Nach dem durchaus schmeichelhaften Sieg in Bremerhaven waren die Top-Sechs-Plätze in Reichweite, die Langzeitbaustellen Power Play und Effizienz schienen allmählich behoben. Etwas mehr als zwei Wochen später steht die DEG zwar weiterhin über dem Strich, der Trend, der durch den Sieg gegen Mannheim zunächst gestoppt wurde, zeigte zuletzt jedoch nach unten. In einer engen Liga, in der der Kampf um die Pre-Play-Off-Plätze langsam Fahrt aufnimmt, sollte die Düsseldorfer EG keine weiteren Niederlagenserien mehr hinzukommen lassen und eine erneute Trendwende einleiten, wenn das Minimalziel, das Erreichen der Pre-Play-Plätze realisiert werden soll.
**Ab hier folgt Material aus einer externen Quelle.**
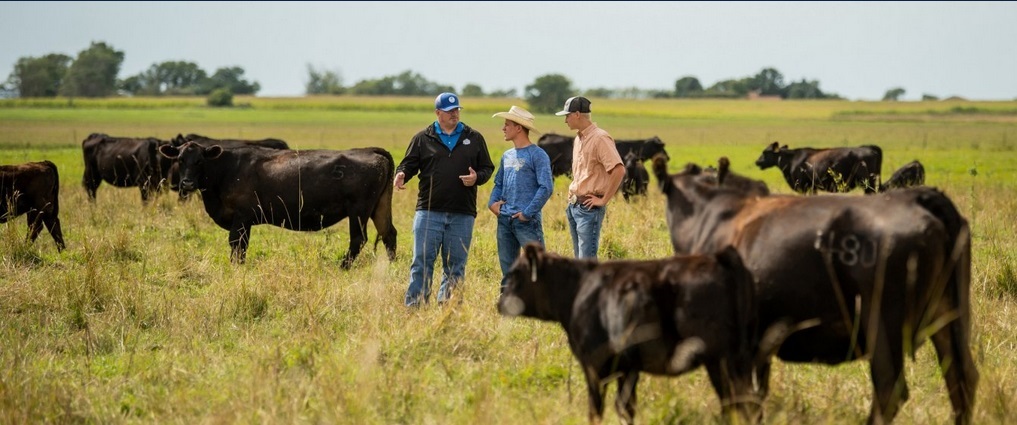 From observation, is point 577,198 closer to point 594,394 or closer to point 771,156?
point 594,394

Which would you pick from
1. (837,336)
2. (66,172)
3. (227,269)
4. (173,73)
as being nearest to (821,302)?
(837,336)

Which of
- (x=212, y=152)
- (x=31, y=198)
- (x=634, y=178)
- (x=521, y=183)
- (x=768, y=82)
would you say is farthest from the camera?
(x=768, y=82)

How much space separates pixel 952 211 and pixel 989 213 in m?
11.7

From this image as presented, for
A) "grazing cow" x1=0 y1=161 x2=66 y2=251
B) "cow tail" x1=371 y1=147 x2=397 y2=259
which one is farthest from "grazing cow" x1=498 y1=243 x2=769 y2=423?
"grazing cow" x1=0 y1=161 x2=66 y2=251

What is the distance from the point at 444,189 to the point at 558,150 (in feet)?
66.8

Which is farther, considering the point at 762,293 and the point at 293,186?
the point at 293,186

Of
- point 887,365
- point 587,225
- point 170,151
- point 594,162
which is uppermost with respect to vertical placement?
point 594,162

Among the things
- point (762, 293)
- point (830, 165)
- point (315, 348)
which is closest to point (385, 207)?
point (315, 348)

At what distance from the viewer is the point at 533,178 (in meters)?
9.09

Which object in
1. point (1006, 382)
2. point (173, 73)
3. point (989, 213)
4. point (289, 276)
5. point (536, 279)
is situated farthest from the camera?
point (173, 73)

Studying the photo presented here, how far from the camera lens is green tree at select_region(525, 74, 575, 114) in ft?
409

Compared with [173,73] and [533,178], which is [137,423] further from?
[173,73]

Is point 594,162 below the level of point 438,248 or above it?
above

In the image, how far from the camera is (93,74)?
455ft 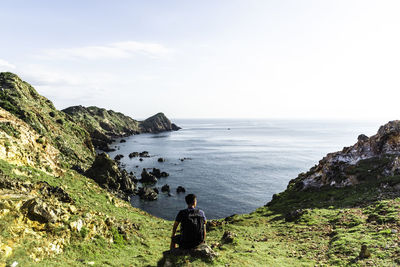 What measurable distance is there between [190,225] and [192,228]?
250 mm

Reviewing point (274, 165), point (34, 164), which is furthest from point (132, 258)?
point (274, 165)

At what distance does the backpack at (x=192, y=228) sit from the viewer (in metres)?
11.3

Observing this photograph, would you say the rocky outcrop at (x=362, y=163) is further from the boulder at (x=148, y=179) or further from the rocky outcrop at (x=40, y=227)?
the boulder at (x=148, y=179)

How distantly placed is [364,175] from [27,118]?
249 feet

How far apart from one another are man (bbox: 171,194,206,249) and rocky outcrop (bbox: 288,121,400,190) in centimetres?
3702

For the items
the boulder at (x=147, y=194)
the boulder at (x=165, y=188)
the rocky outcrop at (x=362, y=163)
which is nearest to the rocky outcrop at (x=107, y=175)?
the boulder at (x=147, y=194)

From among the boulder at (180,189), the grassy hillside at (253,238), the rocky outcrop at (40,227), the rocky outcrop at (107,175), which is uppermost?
the rocky outcrop at (40,227)

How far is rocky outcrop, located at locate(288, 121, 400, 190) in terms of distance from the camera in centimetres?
3794

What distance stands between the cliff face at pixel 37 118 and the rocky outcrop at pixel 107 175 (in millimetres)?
5627

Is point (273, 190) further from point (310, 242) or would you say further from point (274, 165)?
point (310, 242)

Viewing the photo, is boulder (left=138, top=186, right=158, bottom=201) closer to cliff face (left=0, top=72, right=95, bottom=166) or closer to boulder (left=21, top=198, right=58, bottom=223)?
cliff face (left=0, top=72, right=95, bottom=166)

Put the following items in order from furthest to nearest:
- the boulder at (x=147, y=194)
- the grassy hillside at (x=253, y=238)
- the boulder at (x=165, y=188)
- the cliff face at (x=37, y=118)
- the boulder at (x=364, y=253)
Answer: the boulder at (x=165, y=188)
the boulder at (x=147, y=194)
the cliff face at (x=37, y=118)
the boulder at (x=364, y=253)
the grassy hillside at (x=253, y=238)

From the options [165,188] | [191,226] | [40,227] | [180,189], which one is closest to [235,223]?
[191,226]

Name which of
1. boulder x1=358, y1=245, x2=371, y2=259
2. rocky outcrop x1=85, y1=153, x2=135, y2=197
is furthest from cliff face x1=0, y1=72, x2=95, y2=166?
boulder x1=358, y1=245, x2=371, y2=259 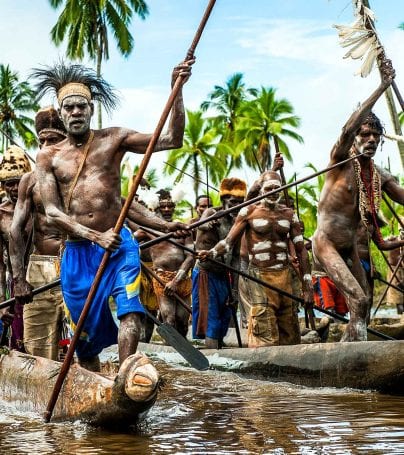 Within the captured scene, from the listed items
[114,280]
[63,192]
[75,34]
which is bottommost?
[114,280]

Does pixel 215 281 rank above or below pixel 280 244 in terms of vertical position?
below

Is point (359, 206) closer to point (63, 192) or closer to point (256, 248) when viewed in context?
point (256, 248)

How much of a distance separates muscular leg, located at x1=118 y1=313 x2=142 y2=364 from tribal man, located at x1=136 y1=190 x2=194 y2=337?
6092 millimetres

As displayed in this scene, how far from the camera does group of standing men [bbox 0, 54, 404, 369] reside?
6.19m

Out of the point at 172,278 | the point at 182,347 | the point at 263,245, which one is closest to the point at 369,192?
the point at 263,245

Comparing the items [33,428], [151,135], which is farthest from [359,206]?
[33,428]

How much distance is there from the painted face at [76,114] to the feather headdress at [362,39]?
8.55 ft

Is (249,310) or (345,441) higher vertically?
(249,310)

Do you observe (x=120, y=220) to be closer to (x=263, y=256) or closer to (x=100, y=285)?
(x=100, y=285)

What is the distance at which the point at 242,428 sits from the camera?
17.6 feet

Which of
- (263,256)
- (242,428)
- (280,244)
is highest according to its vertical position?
(280,244)

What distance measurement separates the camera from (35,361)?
6.71 m

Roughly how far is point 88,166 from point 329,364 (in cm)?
245

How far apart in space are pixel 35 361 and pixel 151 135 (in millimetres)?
1812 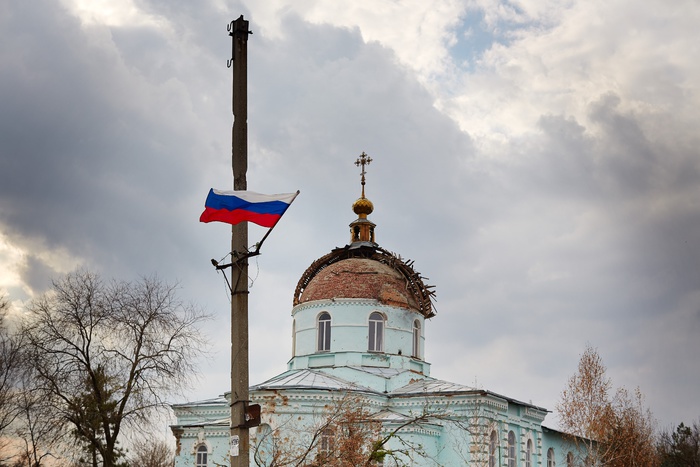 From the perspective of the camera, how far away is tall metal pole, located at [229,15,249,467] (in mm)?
11766

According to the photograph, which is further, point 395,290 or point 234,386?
point 395,290

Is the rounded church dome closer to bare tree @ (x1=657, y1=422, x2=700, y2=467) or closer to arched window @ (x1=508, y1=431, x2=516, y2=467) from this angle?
arched window @ (x1=508, y1=431, x2=516, y2=467)

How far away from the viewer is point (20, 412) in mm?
28719

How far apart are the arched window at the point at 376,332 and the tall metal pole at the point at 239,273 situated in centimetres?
2550

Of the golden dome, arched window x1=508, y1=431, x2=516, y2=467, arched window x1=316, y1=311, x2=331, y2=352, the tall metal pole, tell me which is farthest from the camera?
the golden dome

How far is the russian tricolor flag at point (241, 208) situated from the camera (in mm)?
12500

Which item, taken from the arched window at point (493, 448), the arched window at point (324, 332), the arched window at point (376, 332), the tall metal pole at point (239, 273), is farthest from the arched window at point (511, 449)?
the tall metal pole at point (239, 273)

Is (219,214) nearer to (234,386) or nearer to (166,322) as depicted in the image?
(234,386)

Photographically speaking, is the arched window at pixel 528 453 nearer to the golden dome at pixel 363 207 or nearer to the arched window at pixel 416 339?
the arched window at pixel 416 339

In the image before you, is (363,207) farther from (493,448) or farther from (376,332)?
(493,448)

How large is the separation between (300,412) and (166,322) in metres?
6.76

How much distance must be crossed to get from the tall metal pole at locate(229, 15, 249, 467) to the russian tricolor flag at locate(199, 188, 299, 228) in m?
0.19

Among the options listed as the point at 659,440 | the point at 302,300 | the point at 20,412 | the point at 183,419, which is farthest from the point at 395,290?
the point at 659,440

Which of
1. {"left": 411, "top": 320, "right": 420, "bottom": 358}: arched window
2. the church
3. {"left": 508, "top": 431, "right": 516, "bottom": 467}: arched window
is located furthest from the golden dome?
{"left": 508, "top": 431, "right": 516, "bottom": 467}: arched window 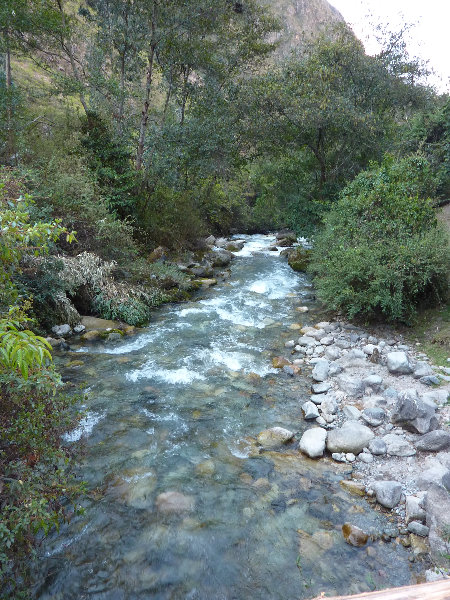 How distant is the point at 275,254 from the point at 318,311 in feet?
25.4

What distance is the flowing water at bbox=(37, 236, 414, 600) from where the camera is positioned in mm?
3277

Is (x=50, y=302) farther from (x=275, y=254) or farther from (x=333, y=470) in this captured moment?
(x=275, y=254)

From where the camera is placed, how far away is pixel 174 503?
4.05 meters

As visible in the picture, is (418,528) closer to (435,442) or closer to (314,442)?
(435,442)

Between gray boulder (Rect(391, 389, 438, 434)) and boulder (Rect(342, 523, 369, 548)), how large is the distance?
176 cm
Mit dichter Taktung geht es für die DEG weiter. Bereits am Mittwoch tritt man beim Ligaschlusslicht in Straubing an, das in dieser Saison beide bisherigen Begegnungen gegen die Düsseldorfer EG verlor. Am Weihnachtswochenende stehen zwei Heimspiele an; am Freitag kommen die Thomas Sabo Ice Tigers aus Nürnberg nach Düsseldorf, am 2.Weihnachtsfeiertag trifft die DEG zuhause auf die Iserlohn Roosters. 20 Spiele hat die DEG bis zum Ende der Hauptrunde noch zu absolvieren, die vorentscheidende Phase um die Platzierungen ist mittlerweile eingeläutet.

Für ein ruhiges Weihnachten in Düsseldorf und eine gute Ausgangsposition in der Endphase der Saison wäre eine Serie wie nach der Länderspielpause das beste Geschenk, was man sich selbst und den eigenen Fans unter den Weihnachtsbaum legen könnte.